■ **The input**:
'''

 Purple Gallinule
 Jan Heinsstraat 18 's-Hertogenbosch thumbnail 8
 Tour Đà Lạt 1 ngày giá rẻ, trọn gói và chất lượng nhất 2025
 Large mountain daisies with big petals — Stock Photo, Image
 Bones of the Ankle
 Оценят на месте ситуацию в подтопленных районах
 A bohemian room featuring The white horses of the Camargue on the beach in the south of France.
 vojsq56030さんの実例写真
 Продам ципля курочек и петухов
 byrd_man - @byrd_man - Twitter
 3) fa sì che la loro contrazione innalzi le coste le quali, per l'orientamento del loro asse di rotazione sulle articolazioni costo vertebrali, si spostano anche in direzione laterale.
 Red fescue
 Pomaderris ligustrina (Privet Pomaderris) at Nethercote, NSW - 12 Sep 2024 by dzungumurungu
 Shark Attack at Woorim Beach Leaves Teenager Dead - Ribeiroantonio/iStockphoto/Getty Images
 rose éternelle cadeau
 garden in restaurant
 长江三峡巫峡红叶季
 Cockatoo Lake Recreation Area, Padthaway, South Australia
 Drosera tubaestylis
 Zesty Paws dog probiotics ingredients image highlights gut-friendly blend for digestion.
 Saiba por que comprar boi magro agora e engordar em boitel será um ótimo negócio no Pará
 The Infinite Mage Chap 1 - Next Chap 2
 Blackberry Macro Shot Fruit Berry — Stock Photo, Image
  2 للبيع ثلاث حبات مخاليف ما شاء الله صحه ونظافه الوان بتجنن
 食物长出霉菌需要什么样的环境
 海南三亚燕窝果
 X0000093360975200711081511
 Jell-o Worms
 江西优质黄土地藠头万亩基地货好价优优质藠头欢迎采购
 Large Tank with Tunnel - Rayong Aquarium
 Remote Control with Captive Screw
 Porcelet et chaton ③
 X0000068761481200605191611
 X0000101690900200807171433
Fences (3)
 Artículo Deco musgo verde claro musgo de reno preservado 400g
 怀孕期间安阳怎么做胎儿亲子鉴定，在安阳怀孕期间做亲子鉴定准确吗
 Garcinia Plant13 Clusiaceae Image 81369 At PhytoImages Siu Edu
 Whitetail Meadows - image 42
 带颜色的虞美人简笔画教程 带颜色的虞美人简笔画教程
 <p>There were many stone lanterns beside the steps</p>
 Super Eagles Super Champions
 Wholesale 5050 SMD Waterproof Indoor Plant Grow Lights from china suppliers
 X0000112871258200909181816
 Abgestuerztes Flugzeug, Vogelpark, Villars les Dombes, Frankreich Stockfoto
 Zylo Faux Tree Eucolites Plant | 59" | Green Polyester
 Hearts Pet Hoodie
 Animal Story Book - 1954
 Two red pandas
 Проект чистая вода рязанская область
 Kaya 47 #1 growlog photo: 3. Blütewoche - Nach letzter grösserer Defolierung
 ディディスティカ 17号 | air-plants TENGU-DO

'''

■ **Exercise directions**: Scan the lines above for "Bones of the Ankle" and for "江西优质黄土地藠头万亩基地货好价优优质藠头欢迎采购". Repeat exactly the line holding each of them and every line in between.

■ **Answer to this exercise**:
 Bones of the Ankle
 Оценят на месте ситуацию в подтопленных районах
 A bohemian room featuring The white horses of the Camargue on the beach in the south of France.
 vojsq56030さんの実例写真
 Продам ципля курочек и петухов
 byrd_man - @byrd_man - Twitter
 3) fa sì che la loro contrazione innalzi le coste le quali, per l'orientamento del loro asse di rotazione sulle articolazioni costo vertebrali, si spostano anche in direzione laterale.
 Red fescue
 Pomaderris ligustrina (Privet Pomaderris) at Nethercote, NSW - 12 Sep 2024 by dzungumurungu
 Shark Attack at Woorim Beach Leaves Teenager Dead - Ribeiroantonio/iStockphoto/Getty Images
 rose éternelle cadeau
 garden in restaurant
 长江三峡巫峡红叶季
 Cockatoo Lake Recreation Area, Padthaway, South Australia
 Drosera tubaestylis
 Zesty Paws dog probiotics ingredients image highlights gut-friendly blend for digestion.
 Saiba por que comprar boi magro agora e engordar em boitel será um ótimo negócio no Pará
 The Infinite Mage Chap 1 - Next Chap 2
 Blackberry Macro Shot Fruit Berry — Stock Photo, Image
  2 للبيع ثلاث حبات مخاليف ما شاء الله صحه ونظافه الوان بتجنن
 食物长出霉菌需要什么样的环境
 海南三亚燕窝果
 X0000093360975200711081511
 Jell-o Worms
 江西优质黄土地藠头万亩基地货好价优优质藠头欢迎采购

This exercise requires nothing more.